* **Action item**
Please output every line of the material as it stands, without the pictures.

* **Recorded data**
........
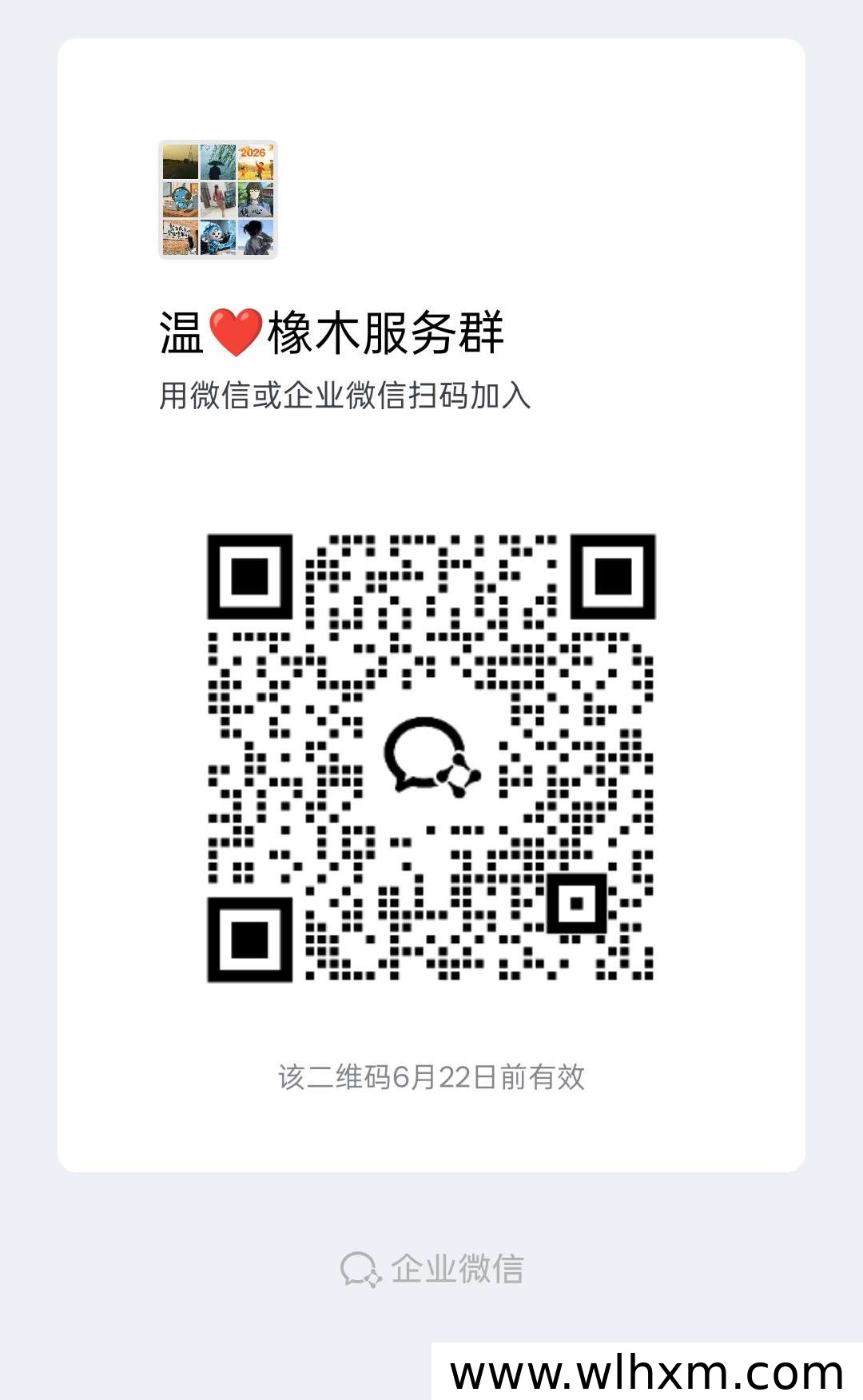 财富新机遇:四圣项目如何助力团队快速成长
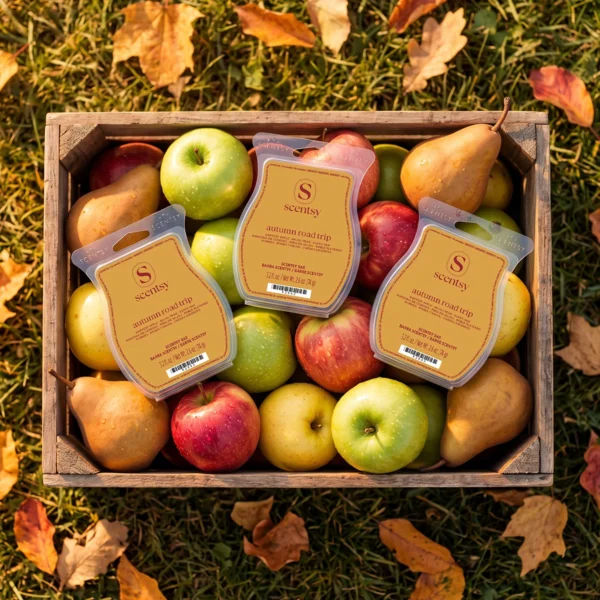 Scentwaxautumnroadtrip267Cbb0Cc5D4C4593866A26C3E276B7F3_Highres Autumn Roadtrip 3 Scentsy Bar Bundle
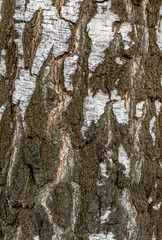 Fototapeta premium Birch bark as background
........
* **Response box**
 财富新机遇:四圣项目如何助力团队快速成长
 Scentwaxautumnroadtrip267Cbb0Cc5D4C4593866A26C3E276B7F3_Highres Autumn Roadtrip 3 Scentsy Bar Bundle
 Fototapeta premium Birch bark as background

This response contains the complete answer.